При оценке всех имеющихся в деле доказательств невиновности Гумилева обращают на себя внимание его показания о полученных от Вячеславского деньгах, где он говорит: «…я держал их в столе… ожидая… прихода Вячеславского, чтобы их вернуть» (л.д. 83). Эпизодическая, односторонняя связь, установленная членами ПБО с Гумилевым, лишала его возможности вернуть Вячеславскому деньги.
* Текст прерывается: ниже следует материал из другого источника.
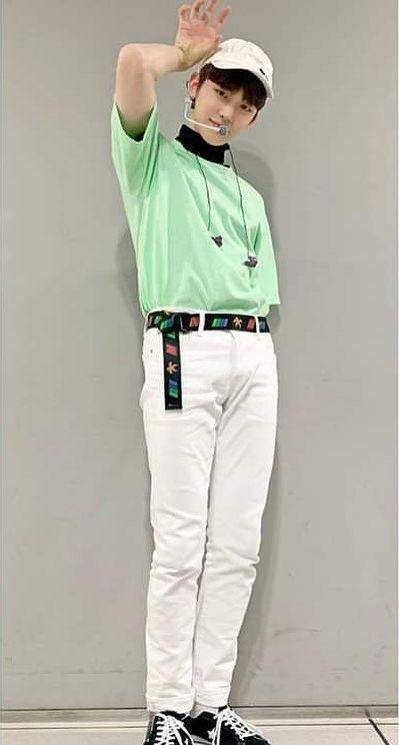 outfit warna cerah member TXT (instagram.com/txtoutfitstyle)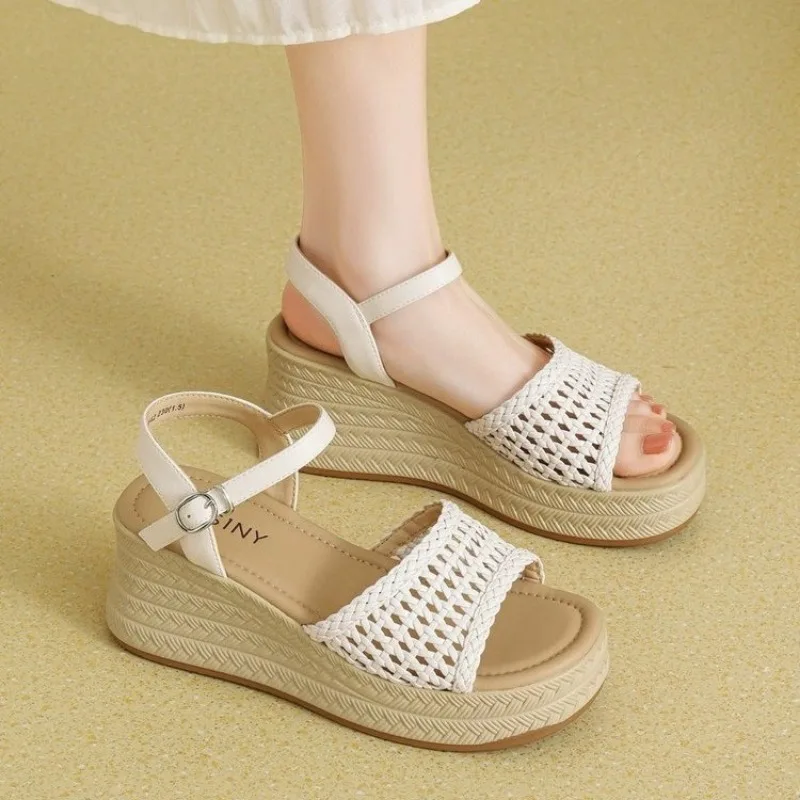 Cutout Woven Sandals Women's 2026 Summer New Open Toe One Strap Wedge Platform Shoes
Cutout Woven Sandals Women's 2026 Summer New Open Toe One Strap Wedge Platform Shoes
Других же участников контрреволюционной организации Гумилев не знал.
При таких обстоятельствах выводы президиума Петроградской губернской Чрезвычайной комиссии о виновности Гумилева в «…получении от контрреволюционной организации денег на технические надобности» не основаны на имеющихся в деле доказательствах” (373, с. 88).
Этот протест послужил основанием для реабилитации Гумилева “за отсутствием состава преступления” судебной коллегией по уголовным делам Верховного Суда РСФСР 30 сентября 1991 г. (там же).
С. 337 …в кронштадтские дни… – Речь идет о вооруженном восстании в марте 1921 г. гарнизона крепости Кронштадт и экипажей кораблей Балтийского флота против политики “военного коммунизма”, насаждаемой большевиками. После подавления восстания 18 марта начались жестокие репрессии – более 2000 человек было приговорено к расстрелу. Подробнее см., например: 176.
С. 338 …Георгий Иванов, пришедший с Каменноостровского… – Сравните в мемуарах Г. Иванова: “Под грохот кронштадтских пушек я прогуливался по Каменноостровскому. Да, прогуливался. Погода была прекрасная, почему бы мне было и не прогуляться? Конечно, в Кронштадте шло восстание, конечно, по улицам шатались дозоры чекистов, конечно, в домах по ночам проводились повальные обыски, и после шести вечера нельзя было без пропуска никуда выходить. Но все это было бы очень мучительно и жутко, если слышать рассказы об этом или читать в книге. Была сама реальная действительность, в которой мы все были принуждены жить и уже несколько лет подряд жили, и воспринималась она поэтому вполне обыденно” (157, т. 3, с. 369).